Today the teacher’s union here declared another strike. So far we’ve had a 24 hour strike (I got off), a 48-hour strike (Kinder still had classes) and now starting Monday we’ll have a 72-hour strike of all grade schools and high schools. And if the teachers still don’t get their demands the next step apparently is an indefinite strike. It sounds as if it’s not that uncommon for these things to happen either. My first thought is of the children who only get 20 hours of school a week as it is and don’t need to be missing so many school days. And then I think of the poor parents who most likely leave their kids at home alone because they can’t afford the childcare, and if they do put them in childcare, this is now 6 extra days that they have to pay for.

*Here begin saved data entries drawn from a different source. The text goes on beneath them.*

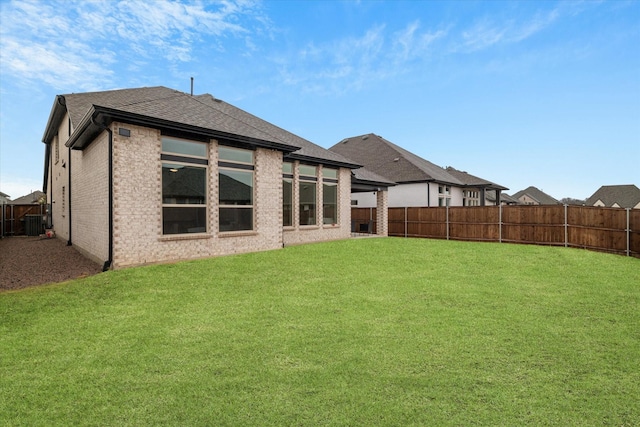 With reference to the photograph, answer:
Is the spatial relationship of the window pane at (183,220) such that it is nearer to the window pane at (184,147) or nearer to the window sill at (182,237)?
the window sill at (182,237)

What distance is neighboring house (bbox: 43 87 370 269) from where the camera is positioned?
850 centimetres

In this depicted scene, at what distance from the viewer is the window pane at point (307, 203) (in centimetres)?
1483

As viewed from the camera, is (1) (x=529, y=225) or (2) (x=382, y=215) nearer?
(1) (x=529, y=225)

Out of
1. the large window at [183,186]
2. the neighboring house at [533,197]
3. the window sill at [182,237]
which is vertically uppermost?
the neighboring house at [533,197]

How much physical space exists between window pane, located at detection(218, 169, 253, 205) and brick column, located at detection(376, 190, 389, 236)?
10.9m

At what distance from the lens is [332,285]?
7250 millimetres

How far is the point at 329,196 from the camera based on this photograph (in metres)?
16.3

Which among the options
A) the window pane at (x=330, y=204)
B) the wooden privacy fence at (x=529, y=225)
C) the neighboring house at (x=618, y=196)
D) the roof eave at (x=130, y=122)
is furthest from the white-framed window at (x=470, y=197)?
the neighboring house at (x=618, y=196)

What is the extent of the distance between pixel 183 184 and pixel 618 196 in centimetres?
7481

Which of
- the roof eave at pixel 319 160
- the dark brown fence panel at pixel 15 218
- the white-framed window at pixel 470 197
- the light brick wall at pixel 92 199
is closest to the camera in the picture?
the light brick wall at pixel 92 199

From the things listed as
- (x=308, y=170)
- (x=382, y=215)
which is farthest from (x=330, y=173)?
(x=382, y=215)

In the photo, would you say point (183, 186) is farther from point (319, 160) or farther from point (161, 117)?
point (319, 160)

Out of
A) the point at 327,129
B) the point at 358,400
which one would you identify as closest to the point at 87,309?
the point at 358,400

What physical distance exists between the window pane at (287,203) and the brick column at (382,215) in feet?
26.0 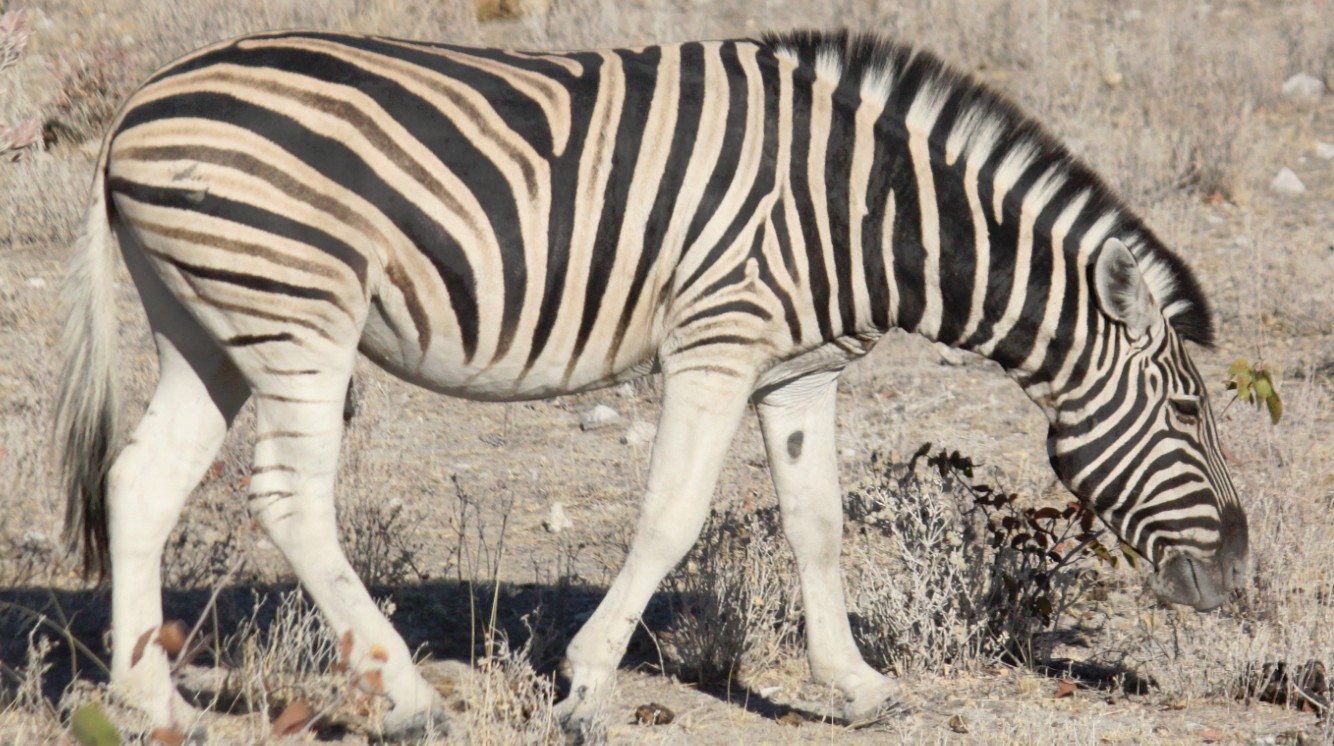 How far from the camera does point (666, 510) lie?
13.0ft

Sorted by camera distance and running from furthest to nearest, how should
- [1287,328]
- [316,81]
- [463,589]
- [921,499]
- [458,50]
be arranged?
[1287,328]
[463,589]
[921,499]
[458,50]
[316,81]

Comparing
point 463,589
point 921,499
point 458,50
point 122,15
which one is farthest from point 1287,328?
point 122,15

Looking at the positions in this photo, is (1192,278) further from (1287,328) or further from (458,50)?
(1287,328)

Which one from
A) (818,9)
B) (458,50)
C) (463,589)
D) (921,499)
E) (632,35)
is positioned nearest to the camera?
(458,50)

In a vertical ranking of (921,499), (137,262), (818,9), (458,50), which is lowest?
(921,499)

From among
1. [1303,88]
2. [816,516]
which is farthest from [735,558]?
[1303,88]

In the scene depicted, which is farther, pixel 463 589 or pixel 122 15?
pixel 122 15

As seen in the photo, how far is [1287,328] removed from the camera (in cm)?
770

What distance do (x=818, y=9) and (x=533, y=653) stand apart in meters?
8.74

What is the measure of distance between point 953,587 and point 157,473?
2561 mm

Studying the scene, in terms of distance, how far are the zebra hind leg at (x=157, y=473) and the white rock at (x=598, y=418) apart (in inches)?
113

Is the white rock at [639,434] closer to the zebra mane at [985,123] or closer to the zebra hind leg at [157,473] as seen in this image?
the zebra hind leg at [157,473]

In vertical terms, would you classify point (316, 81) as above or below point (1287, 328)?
below

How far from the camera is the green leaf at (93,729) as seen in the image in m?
2.31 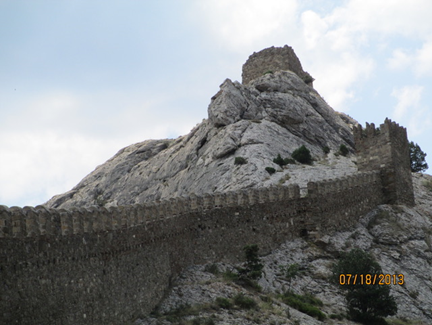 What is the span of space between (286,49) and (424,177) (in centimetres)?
1964

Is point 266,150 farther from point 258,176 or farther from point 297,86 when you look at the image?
point 297,86

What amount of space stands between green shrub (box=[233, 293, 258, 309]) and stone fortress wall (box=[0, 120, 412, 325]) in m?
2.97

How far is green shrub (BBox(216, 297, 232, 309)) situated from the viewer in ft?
79.5

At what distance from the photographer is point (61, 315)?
18.9 m

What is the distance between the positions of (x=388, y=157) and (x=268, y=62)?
2426 centimetres

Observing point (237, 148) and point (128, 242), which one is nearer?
point (128, 242)

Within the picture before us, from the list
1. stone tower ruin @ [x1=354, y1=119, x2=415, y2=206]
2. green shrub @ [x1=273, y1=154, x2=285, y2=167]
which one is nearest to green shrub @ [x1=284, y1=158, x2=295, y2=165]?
green shrub @ [x1=273, y1=154, x2=285, y2=167]

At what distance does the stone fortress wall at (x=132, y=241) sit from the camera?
1802 centimetres

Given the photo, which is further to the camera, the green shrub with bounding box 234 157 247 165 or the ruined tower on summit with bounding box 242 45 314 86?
the ruined tower on summit with bounding box 242 45 314 86

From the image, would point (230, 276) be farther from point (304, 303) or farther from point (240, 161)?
point (240, 161)

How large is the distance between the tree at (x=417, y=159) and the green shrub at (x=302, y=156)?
19940 mm

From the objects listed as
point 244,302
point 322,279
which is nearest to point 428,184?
point 322,279

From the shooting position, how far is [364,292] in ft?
90.2

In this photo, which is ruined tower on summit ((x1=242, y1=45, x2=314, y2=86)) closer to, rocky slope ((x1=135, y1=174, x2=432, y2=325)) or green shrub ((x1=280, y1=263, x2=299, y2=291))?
rocky slope ((x1=135, y1=174, x2=432, y2=325)) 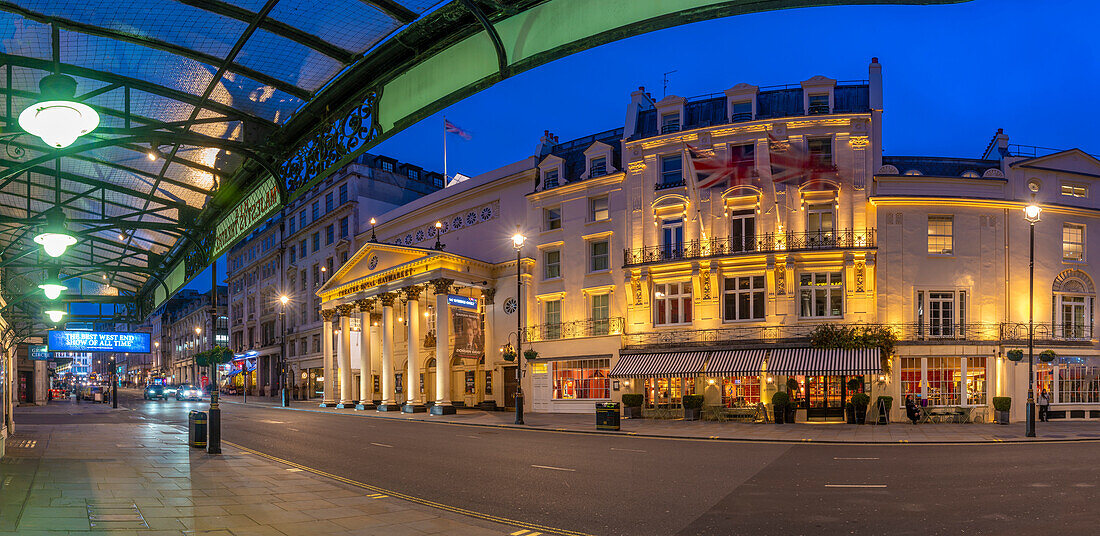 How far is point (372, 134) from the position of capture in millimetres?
6684

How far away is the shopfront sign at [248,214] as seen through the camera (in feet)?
27.4

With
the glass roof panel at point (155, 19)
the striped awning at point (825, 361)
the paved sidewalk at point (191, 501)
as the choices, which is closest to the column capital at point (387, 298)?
the striped awning at point (825, 361)

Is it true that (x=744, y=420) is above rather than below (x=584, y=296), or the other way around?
below

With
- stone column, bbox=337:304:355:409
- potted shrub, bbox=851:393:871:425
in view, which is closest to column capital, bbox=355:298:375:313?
stone column, bbox=337:304:355:409

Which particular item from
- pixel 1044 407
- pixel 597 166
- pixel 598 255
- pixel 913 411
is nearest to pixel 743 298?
pixel 598 255

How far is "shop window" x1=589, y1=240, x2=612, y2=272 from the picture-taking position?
129ft

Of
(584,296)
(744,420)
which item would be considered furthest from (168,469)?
(584,296)

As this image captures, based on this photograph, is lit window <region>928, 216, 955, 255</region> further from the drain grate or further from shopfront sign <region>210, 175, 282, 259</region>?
the drain grate

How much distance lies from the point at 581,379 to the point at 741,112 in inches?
619

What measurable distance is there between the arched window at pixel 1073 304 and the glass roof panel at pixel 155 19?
3699 centimetres

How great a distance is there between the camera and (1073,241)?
34.0 metres

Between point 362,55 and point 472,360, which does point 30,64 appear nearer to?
point 362,55

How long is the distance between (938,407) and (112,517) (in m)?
31.6

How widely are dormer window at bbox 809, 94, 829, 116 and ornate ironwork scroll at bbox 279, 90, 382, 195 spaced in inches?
1204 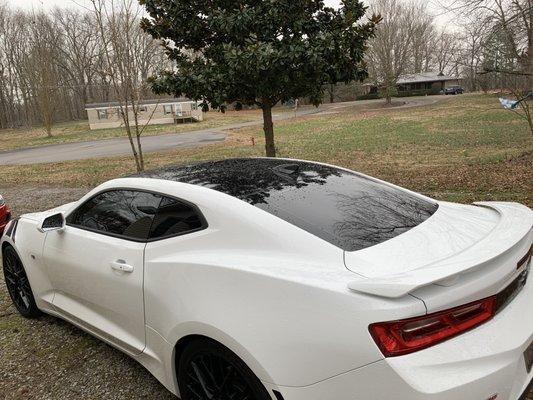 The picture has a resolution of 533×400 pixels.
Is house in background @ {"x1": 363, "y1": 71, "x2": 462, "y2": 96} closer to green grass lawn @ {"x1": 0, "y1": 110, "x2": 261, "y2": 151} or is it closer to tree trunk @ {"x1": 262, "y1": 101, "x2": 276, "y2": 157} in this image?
green grass lawn @ {"x1": 0, "y1": 110, "x2": 261, "y2": 151}

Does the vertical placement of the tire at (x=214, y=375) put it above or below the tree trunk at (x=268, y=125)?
below

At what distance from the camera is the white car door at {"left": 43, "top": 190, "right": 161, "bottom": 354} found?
2709 mm

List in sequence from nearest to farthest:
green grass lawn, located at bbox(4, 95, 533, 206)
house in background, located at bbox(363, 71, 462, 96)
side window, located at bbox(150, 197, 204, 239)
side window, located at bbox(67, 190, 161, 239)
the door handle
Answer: side window, located at bbox(150, 197, 204, 239) → the door handle → side window, located at bbox(67, 190, 161, 239) → green grass lawn, located at bbox(4, 95, 533, 206) → house in background, located at bbox(363, 71, 462, 96)

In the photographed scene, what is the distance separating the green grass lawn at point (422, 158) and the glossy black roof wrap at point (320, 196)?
513cm

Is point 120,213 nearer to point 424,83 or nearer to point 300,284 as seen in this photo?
point 300,284

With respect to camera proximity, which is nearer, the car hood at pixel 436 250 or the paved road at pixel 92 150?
the car hood at pixel 436 250

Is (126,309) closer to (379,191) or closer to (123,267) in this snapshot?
(123,267)

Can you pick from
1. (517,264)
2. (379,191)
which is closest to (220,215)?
→ (379,191)

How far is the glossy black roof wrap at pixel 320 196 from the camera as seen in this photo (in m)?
2.30

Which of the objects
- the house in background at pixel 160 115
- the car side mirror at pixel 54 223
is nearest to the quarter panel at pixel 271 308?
the car side mirror at pixel 54 223

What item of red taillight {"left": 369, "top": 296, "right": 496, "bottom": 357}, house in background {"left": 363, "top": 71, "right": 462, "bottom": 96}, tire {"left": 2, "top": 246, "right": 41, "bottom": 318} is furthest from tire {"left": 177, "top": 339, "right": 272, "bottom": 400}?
house in background {"left": 363, "top": 71, "right": 462, "bottom": 96}

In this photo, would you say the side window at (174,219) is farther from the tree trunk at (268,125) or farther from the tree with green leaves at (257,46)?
the tree trunk at (268,125)

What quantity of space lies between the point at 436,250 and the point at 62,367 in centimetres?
278

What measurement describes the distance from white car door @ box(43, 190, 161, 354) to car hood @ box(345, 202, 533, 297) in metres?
1.36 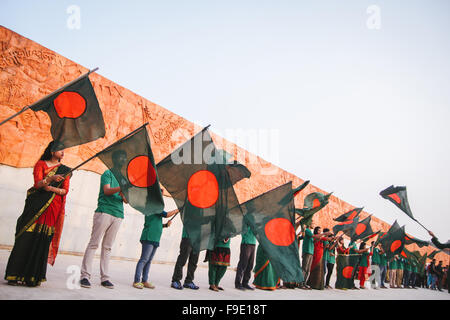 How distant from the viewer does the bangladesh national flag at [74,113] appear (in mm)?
4118

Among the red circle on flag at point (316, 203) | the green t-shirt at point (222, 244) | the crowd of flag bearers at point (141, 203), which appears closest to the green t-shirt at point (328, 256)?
the red circle on flag at point (316, 203)

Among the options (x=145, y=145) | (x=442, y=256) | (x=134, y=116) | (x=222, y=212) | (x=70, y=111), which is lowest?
(x=442, y=256)

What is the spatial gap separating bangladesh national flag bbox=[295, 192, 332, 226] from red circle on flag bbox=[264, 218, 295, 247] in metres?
2.43

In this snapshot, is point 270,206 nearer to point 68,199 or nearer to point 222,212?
point 222,212

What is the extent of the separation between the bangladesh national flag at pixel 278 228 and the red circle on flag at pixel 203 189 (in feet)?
2.19

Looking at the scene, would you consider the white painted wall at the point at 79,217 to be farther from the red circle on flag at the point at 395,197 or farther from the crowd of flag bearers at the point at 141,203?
the red circle on flag at the point at 395,197

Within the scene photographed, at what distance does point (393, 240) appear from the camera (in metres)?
10.3

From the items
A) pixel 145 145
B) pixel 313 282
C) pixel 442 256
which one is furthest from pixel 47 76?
pixel 442 256

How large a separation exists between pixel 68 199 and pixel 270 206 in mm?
6725

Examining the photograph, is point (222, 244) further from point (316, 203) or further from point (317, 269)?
point (317, 269)

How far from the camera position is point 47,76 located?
30.3 feet

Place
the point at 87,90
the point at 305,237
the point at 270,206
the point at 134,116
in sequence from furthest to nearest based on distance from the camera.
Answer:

Then I think of the professors, are they justified in being so angry? It appears that perhaps they are. Like most teachers, their jobs are incredibly important to the formation of the next generation and yet they are under-paid and work in very challenging conditions (class sizes of 45+ and not even enough chairs for all the students). As Tom mentioned in an earlier post, food prices have increased significantly here in the last 5 years from what we gather and the teachers claim they haven’t been given an adequate cost-of-living increase. An increase of 15% was announced about a month ago but that did not satisfy most since apparently everything, including government fees, have increased at least 15% leaving them with the same or less equivalent take-home. In addition, Evo Morales, personally, and his government officials have apparently made countless promises that they have failed to complete. This is particularly ironic because one of Evo’s slogans is “Evo cumple” which means basically that Evo follows through with his word, he’s there for you. Now as you can imagine “Evo no cumple” is heard more frequently. One promise in particular (which surprised me when I heard it) is that for the last two years he has said the government will buy laptops for every single government-paid teacher. I assume this is an initiative to modernize education, improve the teaching, etc. Well two years have passed, and no laptops have arrived. This issue is apparently on ‘the list’ that the teachers are presenting to the government with this most recent strike. I’m not particularly surprised that the teachers haven’t received laptops; they’re even more expensive here because everything is imported. Tom priced out a laptop he wanted and it cost $200 more to buy from Bolivia than to buy from the U.S., not including shipping. Just in general, technology is pricey here, since there is no local option. What surprises me is WHY he would make such a promise, and why they believed him. That’s extremely expensive for the government, the same government that closed our preschool for the month of February because sugar prices were high.

Besides the previous 15% increase, the government’s only response has been to announce that the teachers’ salaries will be discounted for every day that they strike. So both sides are trying to play hardball. I don’t think the teachers will get their laptops, at best they’ll get a pay raise (they probably make about $125/month currently). I think an indefinite strike would be a real shame for the students however.